The Game Boy was a portable gaming machine, but at one point, it almost became something more. Nintendo worked with a company called Source Research and Development to design an accessory known as the WorkBoy that, with production assistance from Fabtek Inc., would have given the handheld wonder the ability to function much like a PDA.
As covered in a new DidYouKnowGaming? video and reported on IGN, the WorkBoy accessory included a stand to prop up the Game Boy unit, as well as a keyboard that plugged into the link cable slot. Add in a cartridge for the software and you basically had a limited personal computer you could take with you on business trips and use to do more than just beat Tetris high scores.
Not much about the WorkBoy sounds particularly novel today. We live in an age when included features like an address book, calculator, and appointment book come with our smartphones. But remember: this was 1992. The accessory could have added a lot of value to something people viewed as merely a gaming device.

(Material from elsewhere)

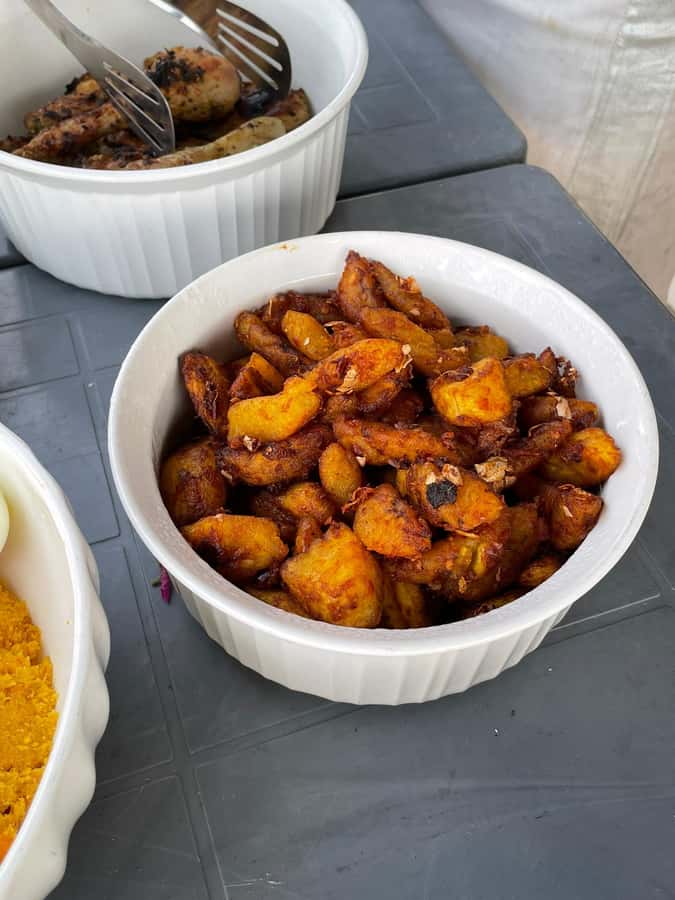 Accra: Cooking Class with Auntie KK in Osu - Key points to know before booking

The WorkBoy was trademarked by Nintendo of America and showcased at CES 1992. Numerous outlets reported on it at the time, but the WorkBoy never went into production. One possible reason it never materialized is that it would have cost around $79-$89 USD, a hard sell considering the Game Boy itself typically fetched a similar amount around that time. Additionally, the price of necessary D-RAM chips increased dramatically following an explosion in a factory in Japan.

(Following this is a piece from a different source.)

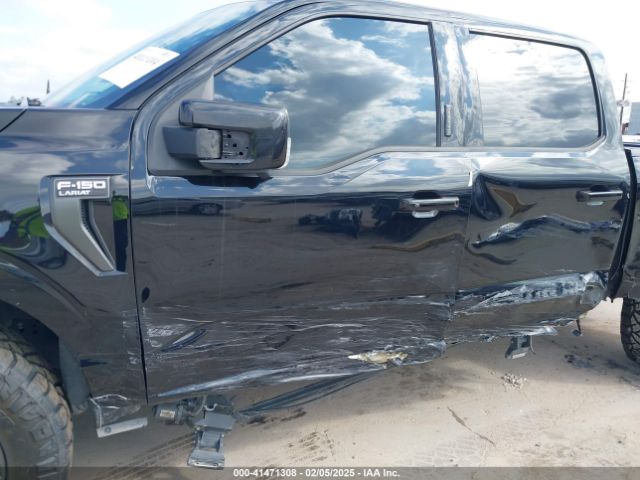 1FTFW1E84NFA69310 Ford F-150 Lariat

To use the WorkBoy today, you will need one of the two known units in existence. Good luck with that. One is likely buried somewhere in Nintendo of America headquarters, and the other belongs to Frank Ballouz, founder of Fabtek Inc. You also need a cartridge loaded with the necessary software, which was part of the “Nintendo Gigaleak” earlier this year.

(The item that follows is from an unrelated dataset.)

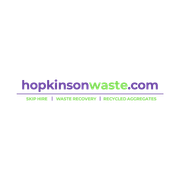 Logo Hopkinson Waste Management Ltd.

IGN notes that Eddie Gill, the founder of Source Research and Development, also attempted to bring the WorkBoy to Game Boy Advance, with enhancements that would have included email, web browsing, and word processing. That also never happened. He also patented and licensed similar technology to Nokia, for use with the Nokia 9000 devices in 1996, so at least something came out of all that effort besides videos and blog posts about hardware that never quite made it to retail.